You can use these instructions for creating a Druid metastore.
Let's get started!
As a prerequisite to this tutorial, you need to have an HDCloud cloud controller running on AWS. If you need help with the steps required to meet this prerequisite, refer to this tutorial.
Launch an RDS Instance
Navigate to the RDS Dashboard at https://console.aws.amazon.com/rds.
In the top right corner, select the region in which you want to create your DB instance. Let’s create the RDS instance in the same region in which you've launched the cloud controller.
In the RDS Dashboard navigation pane, click Instances, and then click Launch DB instance to launch the Launch DB Instance Wizard.
In Step 1: Select Engine, select the PostgreSQL Engine and click Select.
In Step 2: Production?, select Dev/Test and click Next Step.

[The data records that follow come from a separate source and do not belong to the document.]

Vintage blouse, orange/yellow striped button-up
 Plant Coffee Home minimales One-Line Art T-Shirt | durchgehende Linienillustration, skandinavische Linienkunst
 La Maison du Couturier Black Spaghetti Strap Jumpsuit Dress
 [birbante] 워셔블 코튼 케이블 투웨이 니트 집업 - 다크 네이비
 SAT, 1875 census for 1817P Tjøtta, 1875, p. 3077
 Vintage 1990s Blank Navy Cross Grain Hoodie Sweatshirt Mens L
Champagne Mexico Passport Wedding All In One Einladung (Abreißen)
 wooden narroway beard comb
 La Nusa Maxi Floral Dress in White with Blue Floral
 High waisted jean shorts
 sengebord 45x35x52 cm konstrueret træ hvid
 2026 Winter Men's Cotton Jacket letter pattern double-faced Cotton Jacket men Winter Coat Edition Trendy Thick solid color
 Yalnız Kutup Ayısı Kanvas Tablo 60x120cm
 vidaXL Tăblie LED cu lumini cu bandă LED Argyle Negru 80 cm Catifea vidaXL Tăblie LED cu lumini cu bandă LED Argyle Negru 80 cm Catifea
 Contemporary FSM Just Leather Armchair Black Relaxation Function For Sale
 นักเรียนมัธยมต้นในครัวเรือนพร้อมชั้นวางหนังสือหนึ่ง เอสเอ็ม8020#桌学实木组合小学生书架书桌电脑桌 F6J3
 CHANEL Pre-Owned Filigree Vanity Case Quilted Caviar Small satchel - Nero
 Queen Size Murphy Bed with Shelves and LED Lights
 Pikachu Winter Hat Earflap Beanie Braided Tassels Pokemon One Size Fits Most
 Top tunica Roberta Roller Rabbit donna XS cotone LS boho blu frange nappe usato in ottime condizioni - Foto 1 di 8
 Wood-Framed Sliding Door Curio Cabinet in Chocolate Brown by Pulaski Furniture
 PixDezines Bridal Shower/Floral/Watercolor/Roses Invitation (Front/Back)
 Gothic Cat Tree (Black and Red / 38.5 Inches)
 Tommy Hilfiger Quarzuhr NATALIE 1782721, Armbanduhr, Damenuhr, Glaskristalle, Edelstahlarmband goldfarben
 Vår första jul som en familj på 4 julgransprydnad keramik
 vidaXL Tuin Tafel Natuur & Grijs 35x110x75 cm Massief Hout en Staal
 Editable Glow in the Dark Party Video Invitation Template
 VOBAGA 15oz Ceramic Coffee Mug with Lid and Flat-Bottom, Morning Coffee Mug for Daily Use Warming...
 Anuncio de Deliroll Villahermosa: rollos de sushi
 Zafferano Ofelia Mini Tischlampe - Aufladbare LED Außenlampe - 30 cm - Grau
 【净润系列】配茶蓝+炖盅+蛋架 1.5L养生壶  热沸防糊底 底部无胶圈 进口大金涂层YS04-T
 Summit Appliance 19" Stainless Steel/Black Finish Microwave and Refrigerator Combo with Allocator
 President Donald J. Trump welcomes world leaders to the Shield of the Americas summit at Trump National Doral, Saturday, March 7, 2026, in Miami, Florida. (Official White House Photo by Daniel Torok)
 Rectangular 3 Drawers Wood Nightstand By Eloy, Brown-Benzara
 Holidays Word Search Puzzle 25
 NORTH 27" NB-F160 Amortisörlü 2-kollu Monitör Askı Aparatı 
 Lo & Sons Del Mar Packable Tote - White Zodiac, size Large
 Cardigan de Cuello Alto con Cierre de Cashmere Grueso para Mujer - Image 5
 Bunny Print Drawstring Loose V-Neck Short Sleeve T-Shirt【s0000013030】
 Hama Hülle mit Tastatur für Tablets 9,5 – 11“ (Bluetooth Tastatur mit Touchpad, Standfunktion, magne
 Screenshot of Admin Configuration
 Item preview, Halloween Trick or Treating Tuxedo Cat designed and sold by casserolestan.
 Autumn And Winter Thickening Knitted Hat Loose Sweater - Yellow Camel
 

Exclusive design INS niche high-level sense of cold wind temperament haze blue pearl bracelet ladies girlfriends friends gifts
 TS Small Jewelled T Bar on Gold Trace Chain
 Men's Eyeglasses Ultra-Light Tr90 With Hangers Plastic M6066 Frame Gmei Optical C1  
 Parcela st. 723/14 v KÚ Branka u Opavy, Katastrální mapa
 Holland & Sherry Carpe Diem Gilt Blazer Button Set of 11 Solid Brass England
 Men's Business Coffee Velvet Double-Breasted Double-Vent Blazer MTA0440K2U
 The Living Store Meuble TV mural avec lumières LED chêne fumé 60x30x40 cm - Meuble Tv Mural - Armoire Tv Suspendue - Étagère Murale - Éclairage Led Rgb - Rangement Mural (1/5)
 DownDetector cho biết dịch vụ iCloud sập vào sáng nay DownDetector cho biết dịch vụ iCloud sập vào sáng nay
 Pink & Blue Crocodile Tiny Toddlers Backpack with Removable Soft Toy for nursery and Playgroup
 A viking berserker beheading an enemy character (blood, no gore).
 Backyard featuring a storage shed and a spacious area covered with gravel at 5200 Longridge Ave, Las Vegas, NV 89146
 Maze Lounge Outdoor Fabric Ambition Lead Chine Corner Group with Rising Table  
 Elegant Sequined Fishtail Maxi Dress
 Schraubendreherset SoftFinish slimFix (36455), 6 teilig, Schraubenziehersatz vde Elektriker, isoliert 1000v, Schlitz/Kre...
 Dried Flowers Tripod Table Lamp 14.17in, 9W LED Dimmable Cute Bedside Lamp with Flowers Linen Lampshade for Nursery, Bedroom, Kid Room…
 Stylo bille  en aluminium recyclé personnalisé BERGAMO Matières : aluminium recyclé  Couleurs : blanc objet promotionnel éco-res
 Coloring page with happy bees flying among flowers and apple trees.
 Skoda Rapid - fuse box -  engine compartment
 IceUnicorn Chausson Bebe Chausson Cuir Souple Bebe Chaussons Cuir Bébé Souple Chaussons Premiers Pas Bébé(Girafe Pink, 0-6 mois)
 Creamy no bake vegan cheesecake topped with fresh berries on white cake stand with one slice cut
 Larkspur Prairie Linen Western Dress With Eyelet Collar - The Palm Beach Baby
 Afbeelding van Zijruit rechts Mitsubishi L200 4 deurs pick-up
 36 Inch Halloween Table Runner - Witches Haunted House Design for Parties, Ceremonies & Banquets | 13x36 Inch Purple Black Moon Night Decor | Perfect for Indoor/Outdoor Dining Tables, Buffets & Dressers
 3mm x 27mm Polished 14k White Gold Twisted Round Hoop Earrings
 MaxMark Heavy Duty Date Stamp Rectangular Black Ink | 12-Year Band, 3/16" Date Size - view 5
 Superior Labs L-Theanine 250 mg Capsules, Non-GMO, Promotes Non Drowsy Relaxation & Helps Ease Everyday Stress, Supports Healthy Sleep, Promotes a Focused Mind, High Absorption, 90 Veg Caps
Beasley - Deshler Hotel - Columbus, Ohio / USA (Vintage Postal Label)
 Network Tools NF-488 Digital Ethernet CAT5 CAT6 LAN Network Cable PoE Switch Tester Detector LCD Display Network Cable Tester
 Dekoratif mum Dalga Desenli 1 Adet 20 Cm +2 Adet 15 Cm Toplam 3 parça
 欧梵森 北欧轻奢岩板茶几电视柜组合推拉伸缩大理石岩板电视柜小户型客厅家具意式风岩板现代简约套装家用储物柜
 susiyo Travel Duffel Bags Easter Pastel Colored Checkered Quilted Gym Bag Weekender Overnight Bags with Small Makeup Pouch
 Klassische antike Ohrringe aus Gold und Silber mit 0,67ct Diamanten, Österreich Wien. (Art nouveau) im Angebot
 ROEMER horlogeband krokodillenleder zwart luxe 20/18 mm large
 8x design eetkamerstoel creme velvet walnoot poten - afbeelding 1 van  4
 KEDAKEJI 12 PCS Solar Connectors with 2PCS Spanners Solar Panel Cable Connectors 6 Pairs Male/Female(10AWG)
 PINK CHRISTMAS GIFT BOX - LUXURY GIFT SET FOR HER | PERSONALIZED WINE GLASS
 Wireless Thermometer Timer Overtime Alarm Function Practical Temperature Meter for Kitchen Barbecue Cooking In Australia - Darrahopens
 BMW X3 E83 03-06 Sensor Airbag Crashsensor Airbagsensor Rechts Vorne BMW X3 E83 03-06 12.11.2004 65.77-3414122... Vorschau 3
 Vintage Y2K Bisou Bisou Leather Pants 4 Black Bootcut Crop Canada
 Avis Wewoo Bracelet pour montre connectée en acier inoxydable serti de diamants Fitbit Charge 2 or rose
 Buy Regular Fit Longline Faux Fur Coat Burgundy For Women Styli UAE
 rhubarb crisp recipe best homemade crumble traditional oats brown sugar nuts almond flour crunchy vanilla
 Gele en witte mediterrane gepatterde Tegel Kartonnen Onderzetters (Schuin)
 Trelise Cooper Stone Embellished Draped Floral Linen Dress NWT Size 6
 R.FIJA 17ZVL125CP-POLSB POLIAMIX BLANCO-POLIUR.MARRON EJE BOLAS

In Step 3: Specify DB Details, enter:
For Instance Specifications, you can use values similar to those in the screenshots. Make sure to use DB Engine Version 9.5.4 or later.
For Settings, come up with an identifier, a username, and a password for your instance. Click Next Step.
In Step 4: Configure Advanced Settings:
- In the Network & Security section, select the VPC where the RDS instance should be started. Select the same VPC in which your cloud controller is running.
- On the right, in the Connection Information, make sure that the Inbound access on the security group is set to “0.0.0.0/0”.
- In the Database Options section, enter a Database Name. This field is not required, so it’s easy to miss it. If you miss it, you will have to create the database manually.
Click Launch DB Instance.
Click on View Your DB Instances to get redirected to the RDS Dashboard. Keep this page open, as you will need to copy the RDS information and provide it in the Hive metastore registration form.
When your RDS instance is ready, proceed to the next step.
Congratulations! You've just launched an RDS instance and created a database on it. Let's register this database as a Hive metastore in your cloud controller.
Register a Hive Metastore
Log in to the cloud controller UI.
From the navigation menu, select SHARED SERVICES:
On the SHARED SERVICES page, select Hive Metastores from the SERVICES menu.
The list of registered Hive and Druid metastores is displayed.
Click +REGISTER METASTORE and the registration form is displayed:
Enter the following parameters:
- Name: Enter the name to use when registering this Metastore to the cloud controller. This is not the database name.
- HDP Version: Select the version of HDP that this Metastore can be used with.
- JDBC Connection: Select the database type (PostgreSQL) and enter the RDS endpoint (HOST:PORT/DB_NAME).
- Authentication: Enter the RDS connection username and password.
You can obtain these parameters from the RDS dashboard:
Click Test connection to validate and test the RDS connection information. If you experience connection issues, refer to the Amazon RDS Troubleshooting documentation.
Once your settings are validated and working, click REGISTER HIVE METASTORE to save the metastore. The metastore will now show up in the list of available metastores when creating a cluster.
Congratulations! You've just registered your RDS as a Hive metastore.